RECORDS FOR THIS EXERCISE →
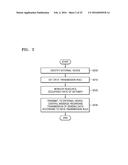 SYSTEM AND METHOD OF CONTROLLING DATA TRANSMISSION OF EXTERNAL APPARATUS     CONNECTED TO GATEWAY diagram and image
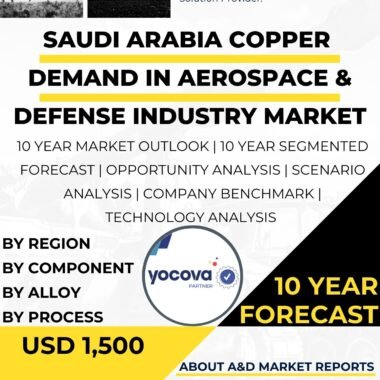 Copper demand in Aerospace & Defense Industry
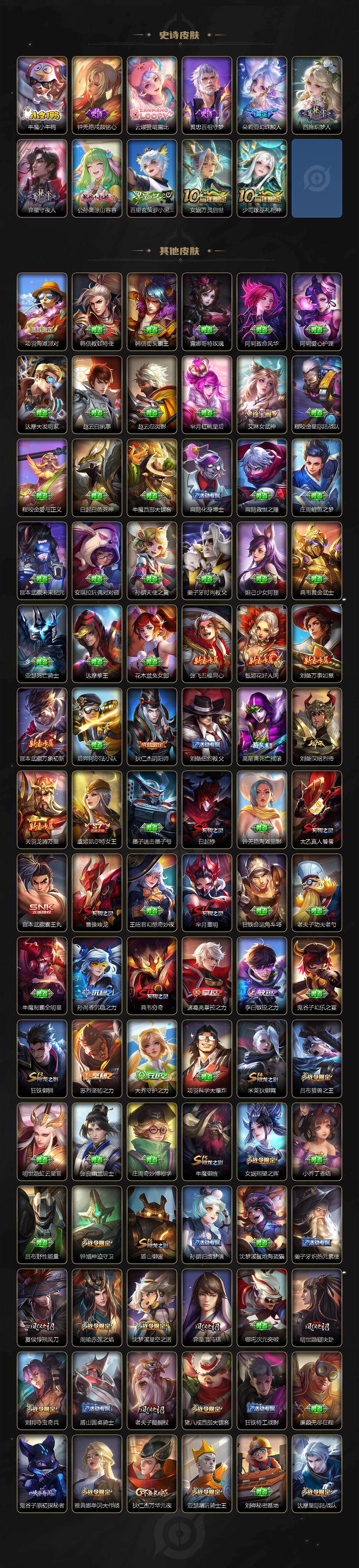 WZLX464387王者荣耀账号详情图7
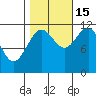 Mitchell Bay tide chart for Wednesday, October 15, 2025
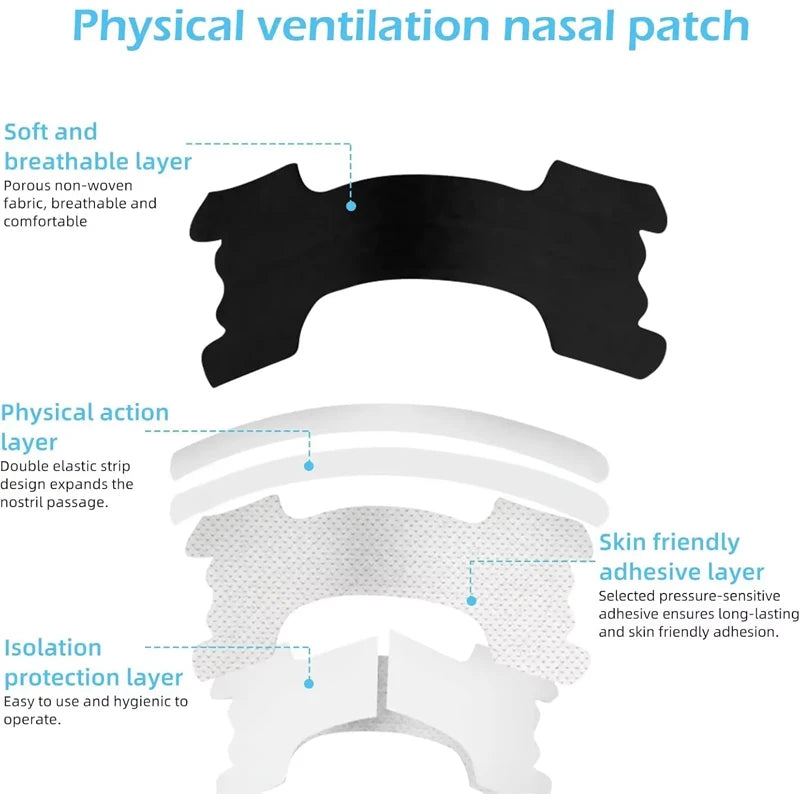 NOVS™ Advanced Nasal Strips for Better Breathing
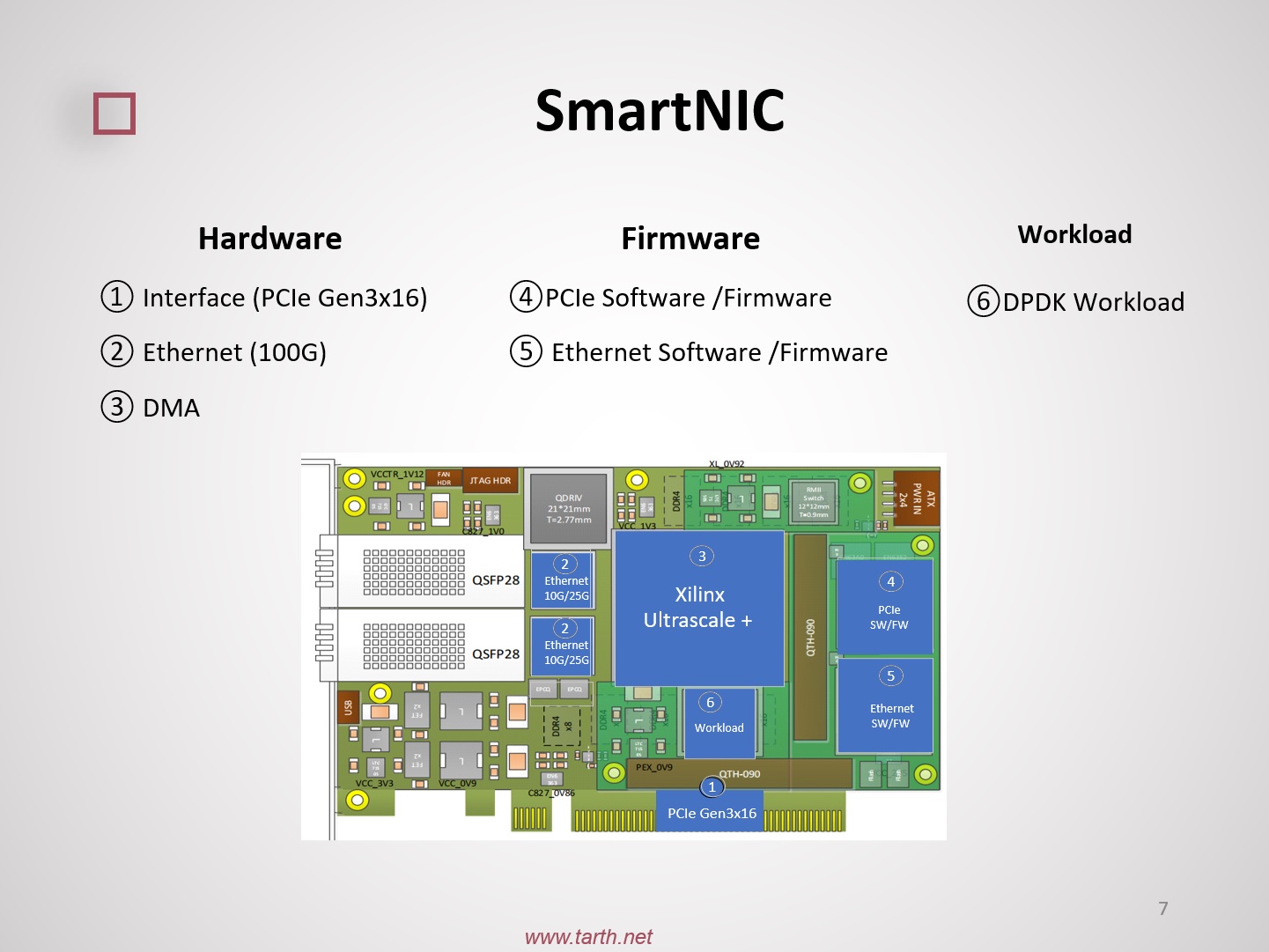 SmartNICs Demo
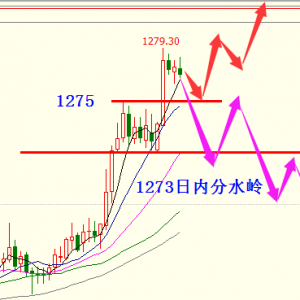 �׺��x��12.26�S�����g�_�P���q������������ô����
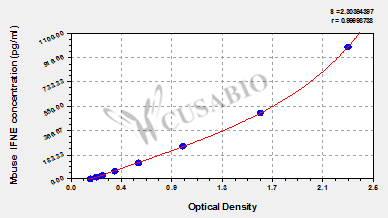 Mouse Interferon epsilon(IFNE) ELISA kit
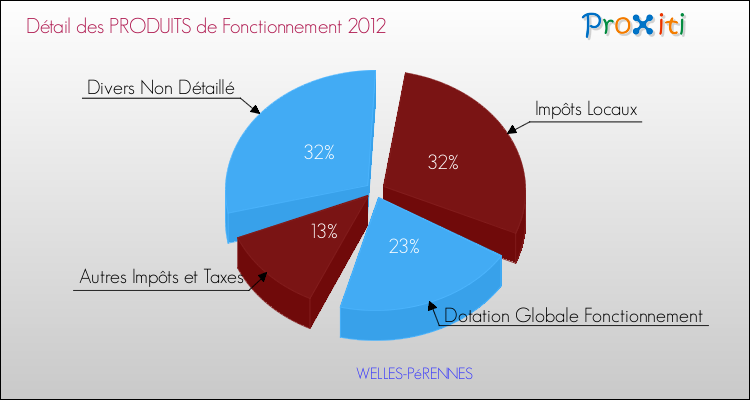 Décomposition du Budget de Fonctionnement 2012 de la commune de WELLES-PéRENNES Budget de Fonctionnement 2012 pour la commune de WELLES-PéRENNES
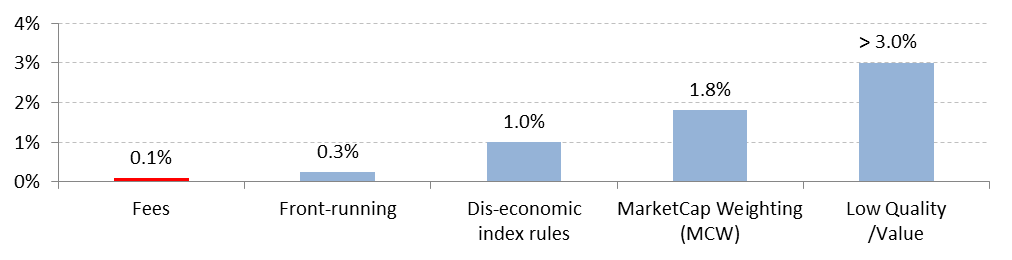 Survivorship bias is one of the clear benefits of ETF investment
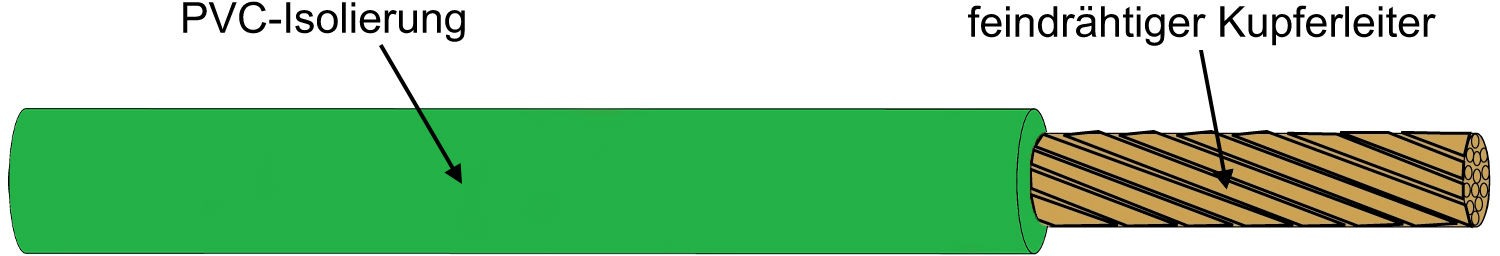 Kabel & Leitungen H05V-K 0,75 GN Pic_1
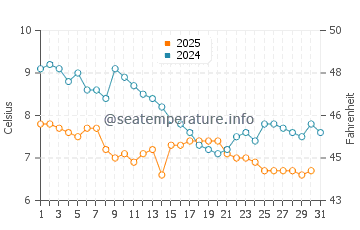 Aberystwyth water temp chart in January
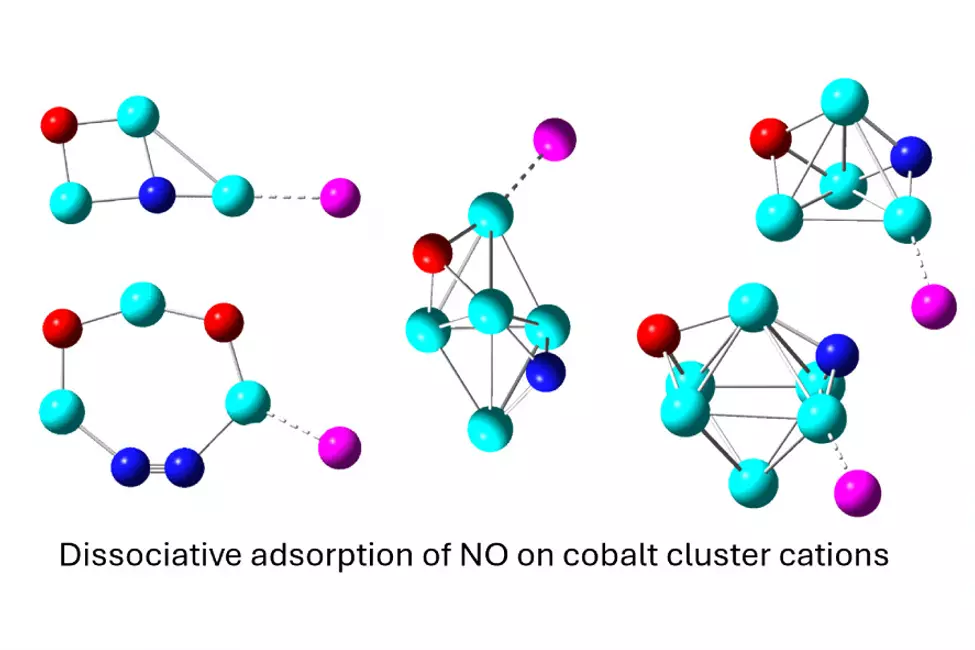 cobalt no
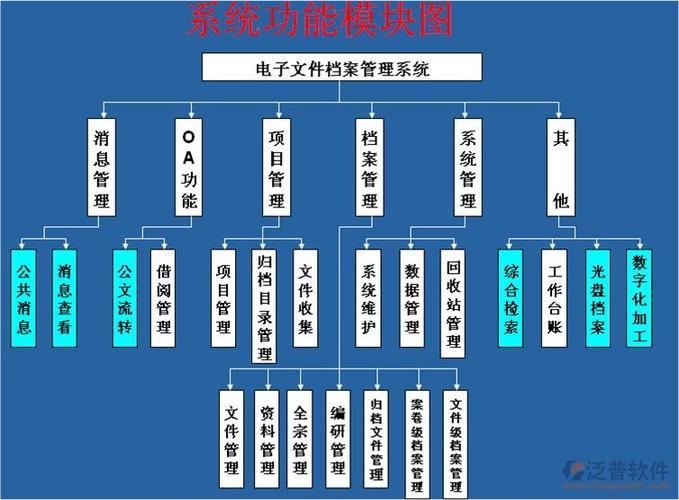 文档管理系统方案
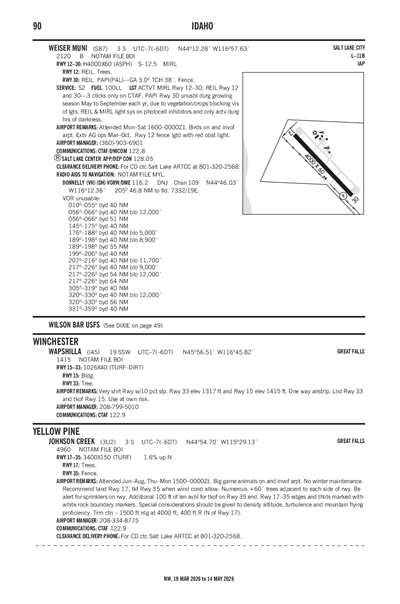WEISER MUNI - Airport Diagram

TASK GOAL → From the line holding "Copper demand in" through the last line of the material above, each line should be written out exactly, both included; omit the pictures.

WRITTEN SOLUTION →
 Copper demand in Aerospace & Defense Industry
 WZLX464387王者荣耀账号详情图7
 Mitchell Bay tide chart for Wednesday, October 15, 2025
 NOVS™ Advanced Nasal Strips for Better Breathing
 SmartNICs Demo
 �׺��x��12.26�S�����g�_�P���q������������ô����
 Mouse Interferon epsilon(IFNE) ELISA kit
 Décomposition du Budget de Fonctionnement 2012 de la commune de WELLES-PéRENNES Budget de Fonctionnement 2012 pour la commune de WELLES-PéRENNES
 Survivorship bias is one of the clear benefits of ETF investment
 Kabel & Leitungen H05V-K 0,75 GN Pic_1
 Aberystwyth water temp chart in January
 cobalt no
 文档管理系统方案
WEISER MUNI - Airport Diagram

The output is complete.